Minority actors, led by Asians and Latino males, saw their share of US television and film roles continue to decline last year, the Hollywood Reporter reported Friday.
Quoting statistics released by the Screen Actors Guild (SAG), the magazine said much of the loss was concentrated among lead roles for Asians and Latino male lead roles in primetime, which dropped 35 percent and 31 percent, respectively.
Asian/Pacific Islanders got 2.5 percent of all TV and theatrical roles, while they represent 3.8 percent of the population. The most affected area was male Asian leads, which fell from 104 in 2002 to 61 last year.

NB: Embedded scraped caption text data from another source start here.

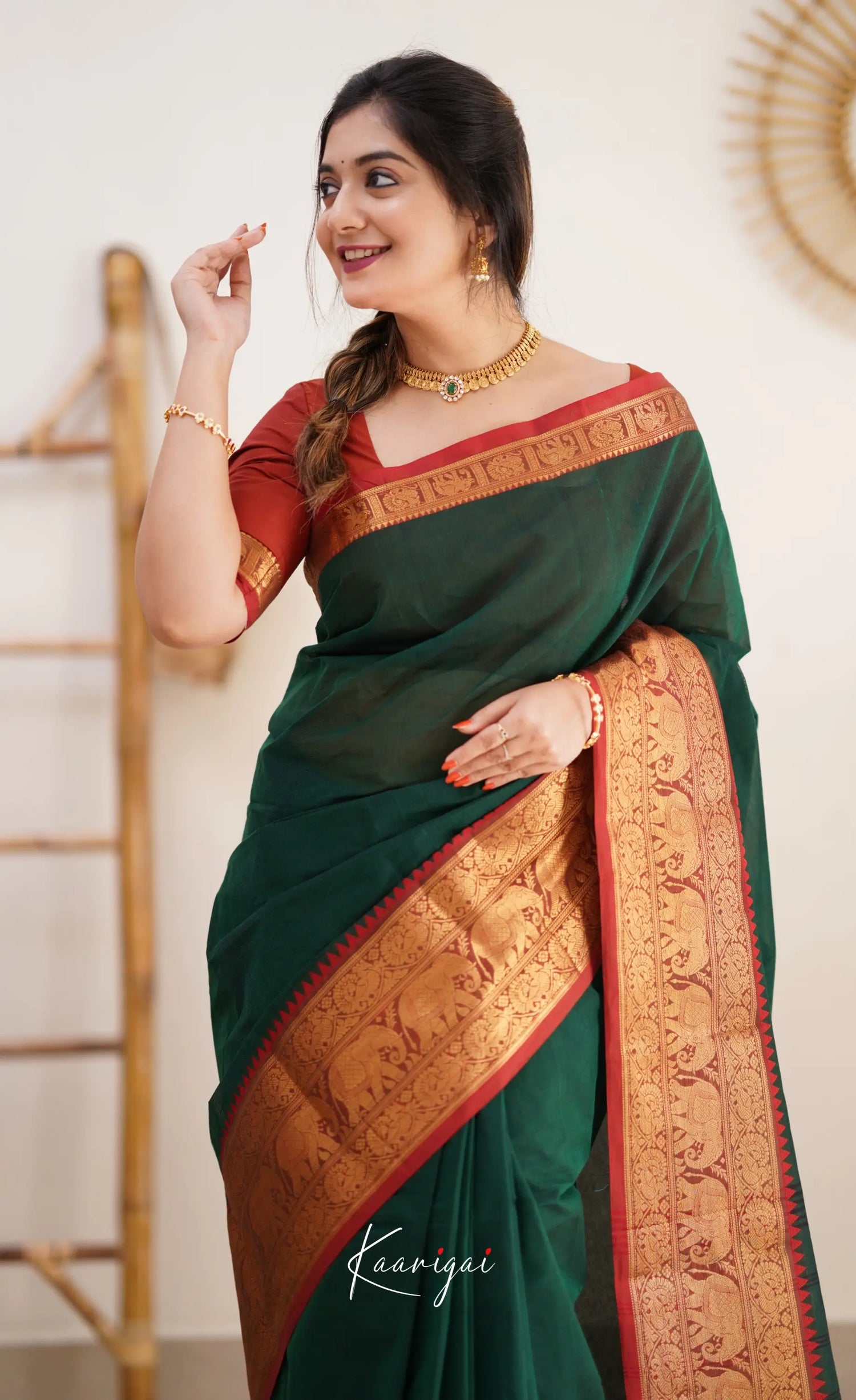 Nalinam - Dark Green And Reddish Maroon Cotton Saree Sarees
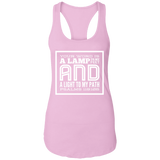 Bible Verse Ladies Ideal Racerback Tank - "Psalm 119:105" Design 12 (White Font) - Meditate Healing Christian Store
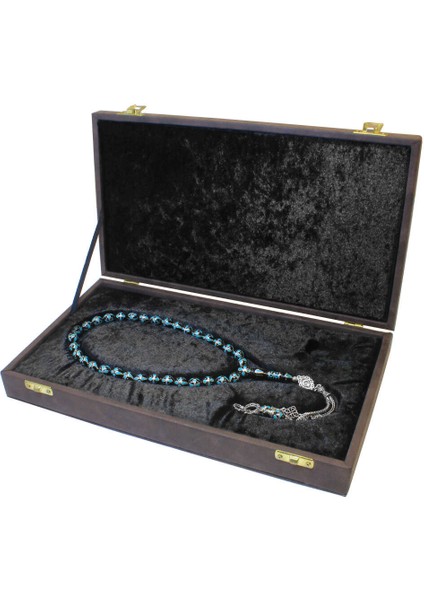 Kahverengi Nubuk Deri Içi Kadife Oymalı Avangarde Kolleksiyonluk Tesbih Kutusu modelleri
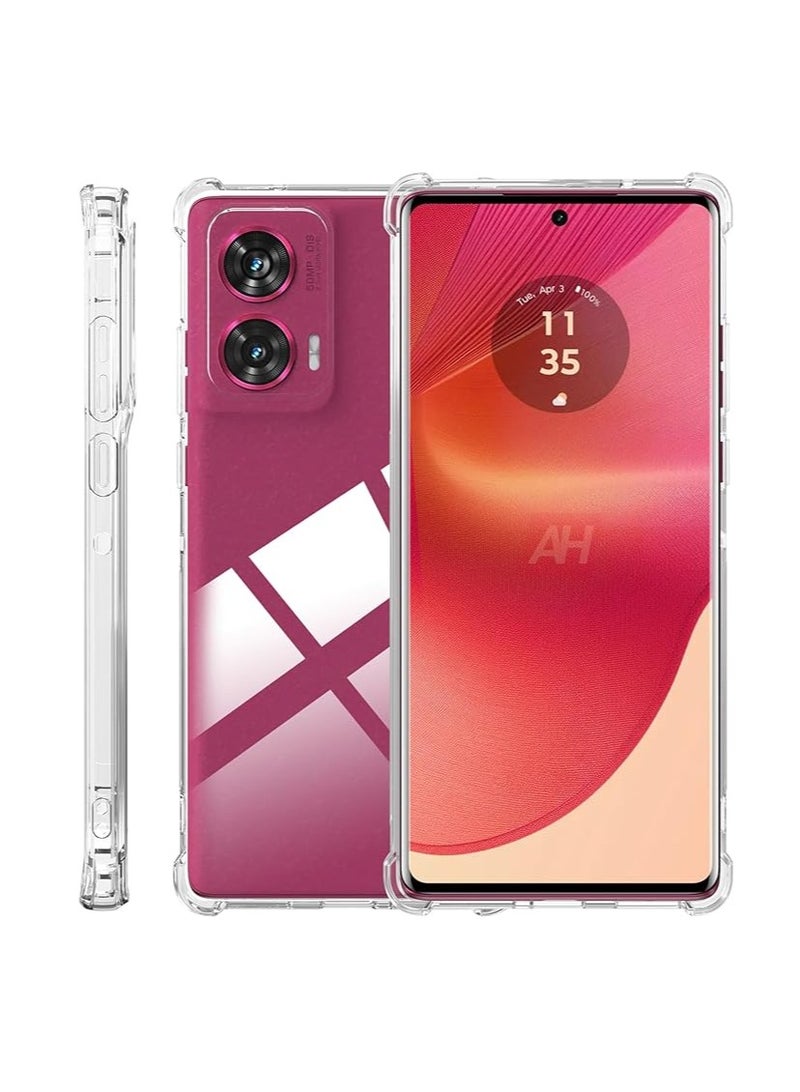 general Clear silicone case for Motorola Moto Edge 50 Fusion with shockproof protective corners, soft TPU transparent case, scratch resistant - Image 1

The roles going to black actors fell 3 percent last year. That left them with a 15.3 percent share of all TV and film roles while representing 12.8 percent of the US population. Lead roles increased to 64 male leads and 14 female leads, while total film roles fell 23 percent over the previous year primarily because of fewer males in lead roles.

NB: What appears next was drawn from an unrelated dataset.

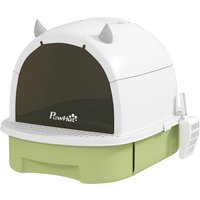 PawHut Maison de toilette pour chat bac à litière fermé chat poignée de transport porte translucide 40,5 x 52 x 39 cm vert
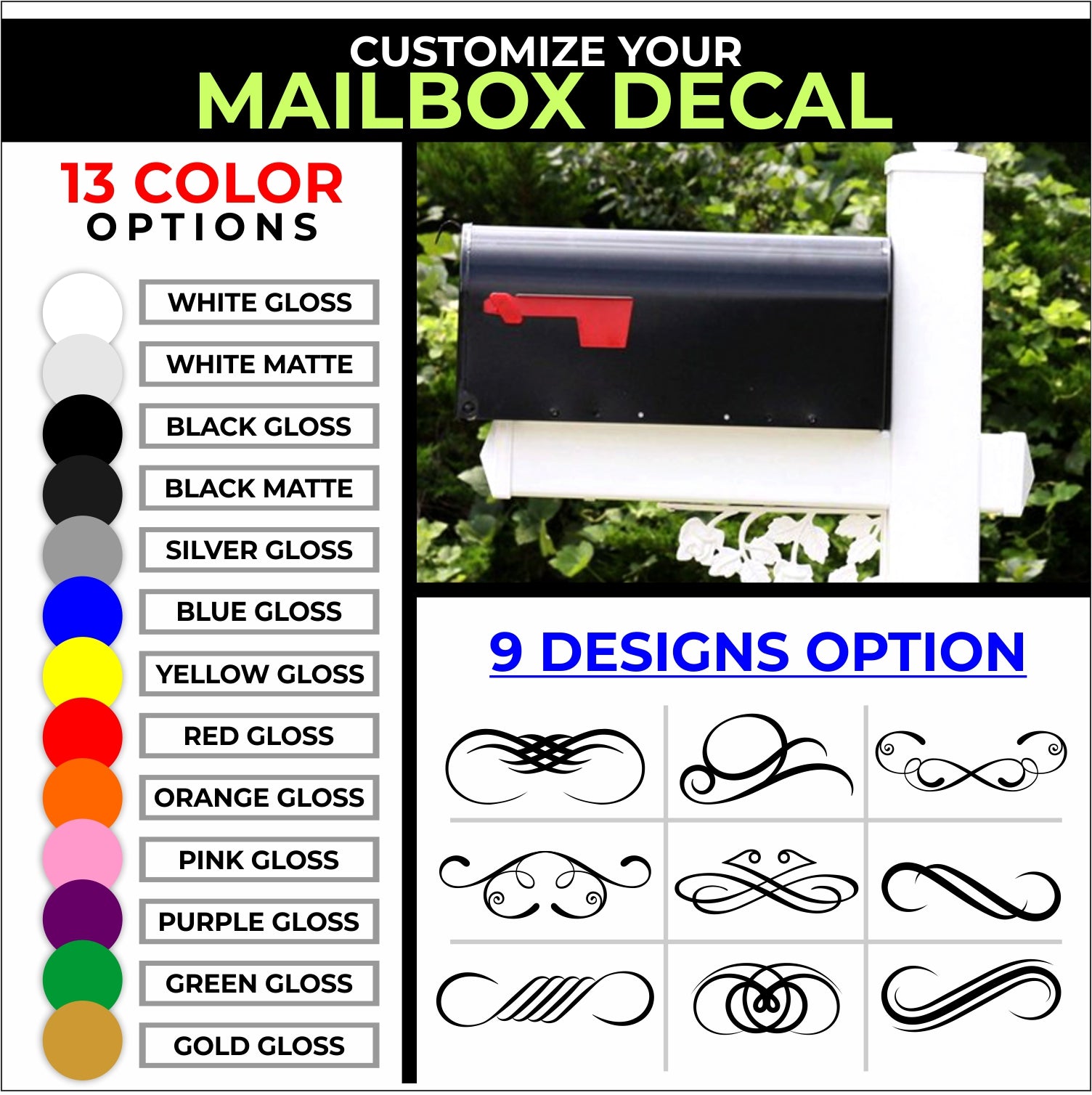 Customize Your Mailbox Decal - Choose Size & Color & Font - Free Squeegee Included Fusion Decals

Roles for Latinos fell 10.5 percent last year, leaving them with a 5.4 percent share of overall roles compared with a 13.7 percent share of the US population. The 31 percent decline in Latino male leads was concentrated in episodic TV. At the same time, there was a 2.4 percent increase in supporting roles for Latinos.
SAG said that women also remain significantly under-represented in film and TV roles. Women got 38 percent of total roles cast last year, a figure that has remained steady for the past several years.
In contrast, Native Americans were the only minority group to make gains, landing 128 roles last year for a 40.7 percent increase over the previous year. For the second straight year, white actors continued to account for 73.5 percent of film and TV roles.
“This data ought to be a wake-up call to the industry,” SAG president Melissa Gilbert said. “There is still significant work left to do to increase the opportunities for many groups.”